Sparks flew at this year’s AVCAL conference, held in September at the Sheraton Mirage on Australia’s Gold Coast: Jon Moulton, private equity veteran and founder of Better Capital, argued that Australian private equity returns were reasonable, but not compelling – something best not said in-country.
Joe Skrzynski, founding partner of Australian private equity firm CHAMP Private Equity, countered that it was important to take into account the relative immaturity of the asset class in Australia. “The industry started much later than the US and the UK, so it is not surprising to find that there is a shake-out period as the [good GPs] come out on top and others fall away. I think we’re witnessing that right now.”
However, Moulton wasn’t convinced. “My experience of being around in the earlier days of the UK and the US was that the returns were much higher in the earlier days. It is much easier when you’ve got much less competition.”
According to data from Cambridge Associates shown at the event, Australian firms in the top two quartiles have delivered net returns of 12.2 percent in Australian dollar terms over a 10-year period – compared with 16 percent and 17.7 percent in the US and Western Europe respectively.
The debate (which stayed amicable) highlighted an issue that’s top of mind for some of Australia’s superannuation funds. Catherine Nance, head of the retirement incomes and asset consulting group at PricewaterhouseCoopers, says the returns the Supers have received from country funds have not been sufficient.
“Super funds [are asking]: ‘What is the return for the cost we pay [in fees] and is it sufficient?’ With [private equity], there is scepticism in the Super world about the returns they’ve been quoted.”
The row over returns is due to several factors, industry sources say. One is the high multiples fund managers paid for Australia deals during the boom years, followed by the subsequent strained exit environment.
Nikki Brown, managing director of placement agent MVision Private Equity Advisers in Sydney, says that that the ideal 3x return multiple and 25 percent IRR that GPs aim for (and some promised) has not materialised – while at the same time, LPs have become more realistic and increasingly concerned with liquidity.
Another factor is the choice of comparables. For instance, Australia’s private equity returns have beaten its public markets over three- and five-year time horizons, according to AVCAL figures.
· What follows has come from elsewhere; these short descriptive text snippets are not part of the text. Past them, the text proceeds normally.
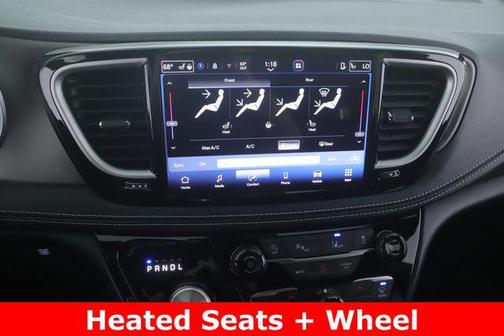 Diamond Black Crystal Pearlcoat 2027 Chrysler Pacifica L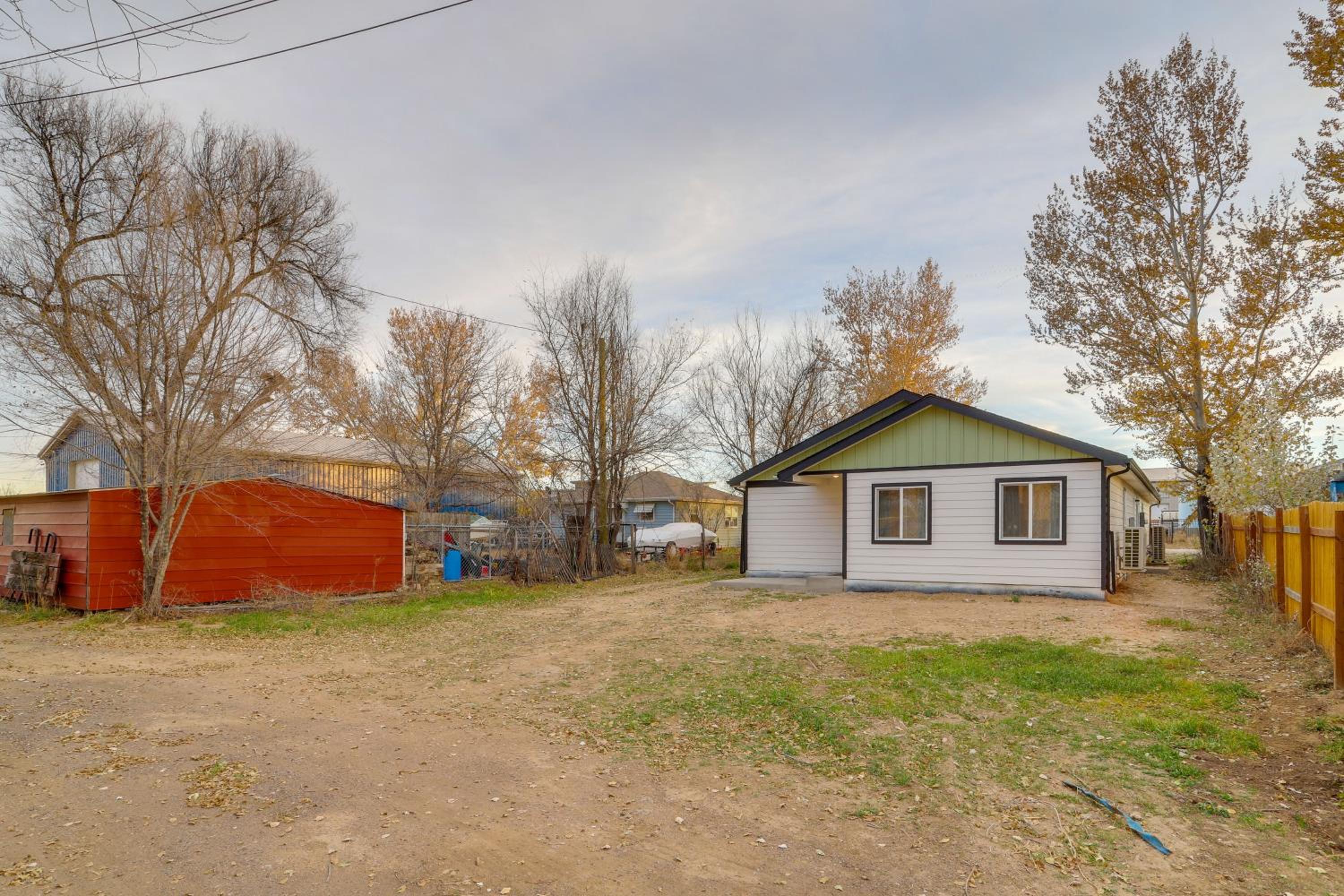 Modern and Pet-Friendly! Northern Colorado Retreat
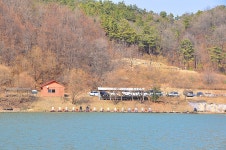 제이에스 > 봄 기운을 만끽하기에 최적의 산우물 낚시터 : 낚시사랑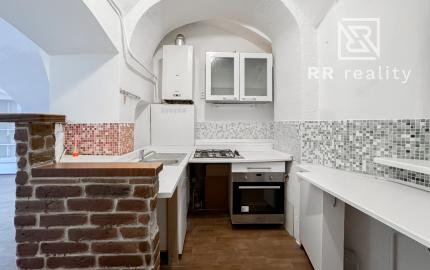 Mäsiarska ul. - na predaj byt 41m2 + 19m2 pivnica, centrum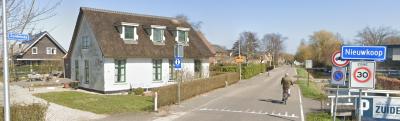 Zuideinde is een buurtschap in de provincie Zuid-Holland, gemeente Nieuwkoop. De buurtschap valt onder het dorp Nieuwkoop en heeft geen plaatsnaamborden, zodat je alleen aan de gelijknamige straatnaambordjes kunt zien dat je er bent aangekomen. (© Google)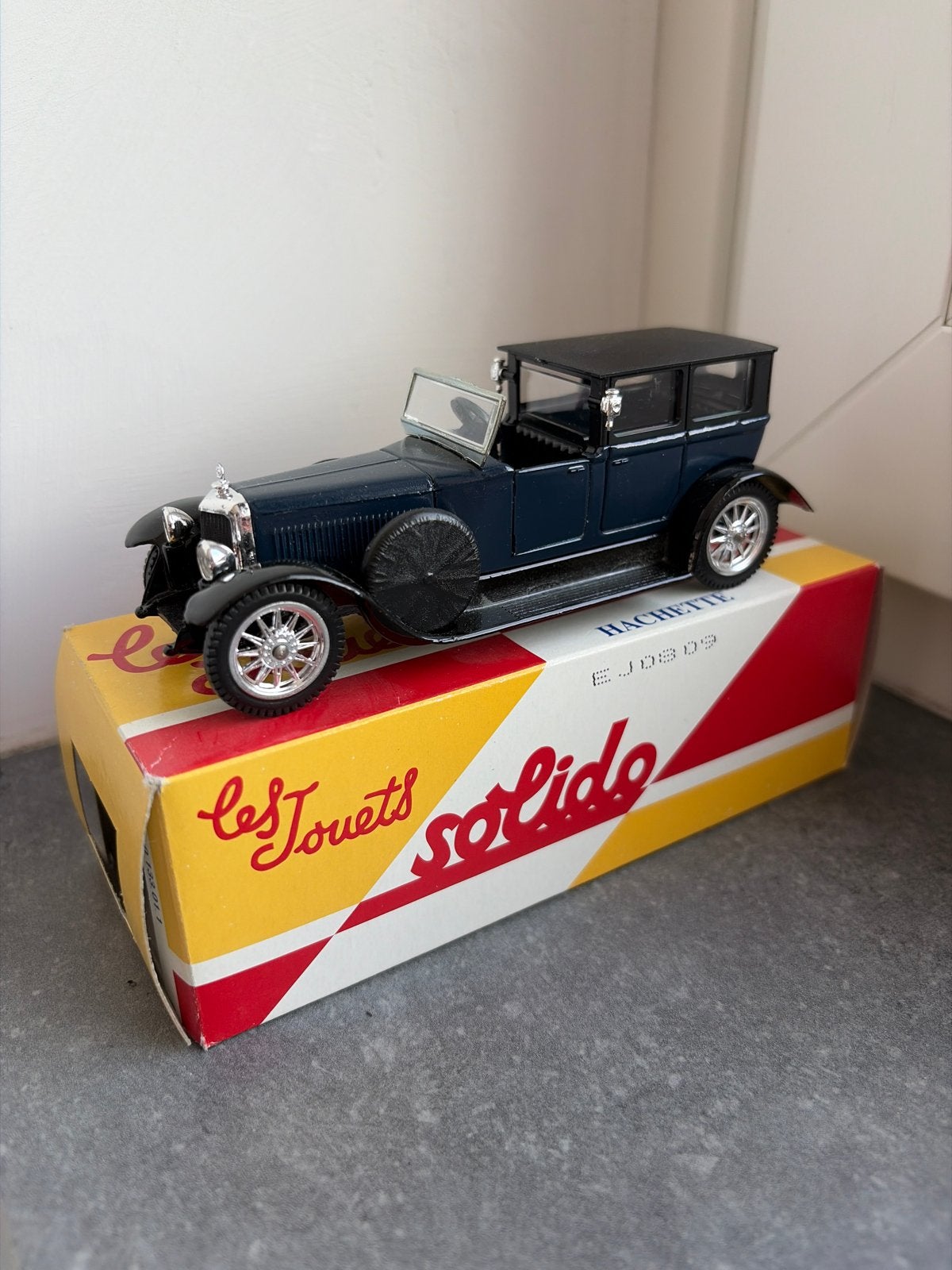 Solido Panhard 35 CV Schaalmodel met Hachette Magazine, Hobby en Vrije tijd, Modelauto's | 1:43, Ophalen of Verzenden, Zo goed als nieuw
In addition, over a 15-year period, Australian private equity has returned on average 14.3 percent, while emerging Asia has returned 8.8 percent.
But the Cambridge data cited earlier shows that compared to the US, Australia realisations have slowed in the past couple of years. “That has been of concern for some of the LPs, because they are just not getting the cash distributions to feed back into managers. That is probably more the problem than having great [exit multiples].”